General Secretary of the Communist Party of Albania
- In office 14 December 1991 – 25 April 2012
- Preceded by: Position established
- Succeeded by: Qemal Cicollari

Personal details
- Born: 26 January 1946 Macukull, People's Republic of Albania (now Albania)
- Died: 25 April 2012 (aged 66) Tirana, Albania
- Party: Party of Labour (until 1991) Communist Party (1991–2012)

= Hysni Milloshi =

Albanian politician (1946–2012)

Hysni Milloshi (26 January 1946 – 25 April 2012) was the founder and General Secretary of the Communist Party of Albania, successor to the Party of Labor of Albania.

==Biography==

Milloshi was born in Macukull, Mat District, Albania, on January 26, 1946. During communist rule, Milloshi, who was a member of the Party of Labour, was a writer and a somewhat obscure figure. He established the "Enver Hoxha" Voluntary Activists' Union, an organization loyal to the principles and policies of Enver Hoxha, at Berat on 22 February 1991, apparently with the backing of some leading hard-liners in the Party of Labour.

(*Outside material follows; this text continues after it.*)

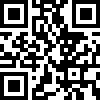 https://qudsonline.ir/xcJCL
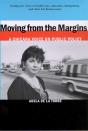 Moving From The Margins - Preview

The organization waged a prominent and vocal struggle to prevent the unraveling of communist rule. Milloshi was also a modest author and poet.
He died in Tirana's "Senatorium" hospital, on April 25, 2012, after struggling with pulmonary fibrosis.

==Elections==

Milloshi participated more than once in the local elections, running for Mayor of Tirana Municipality. He was considered a key factor in 2011 Pyrrhic victory of Lulzim Basha over former Mayor Edi Rama in Albanian Local Elections 2011, gaining around 1400 votes.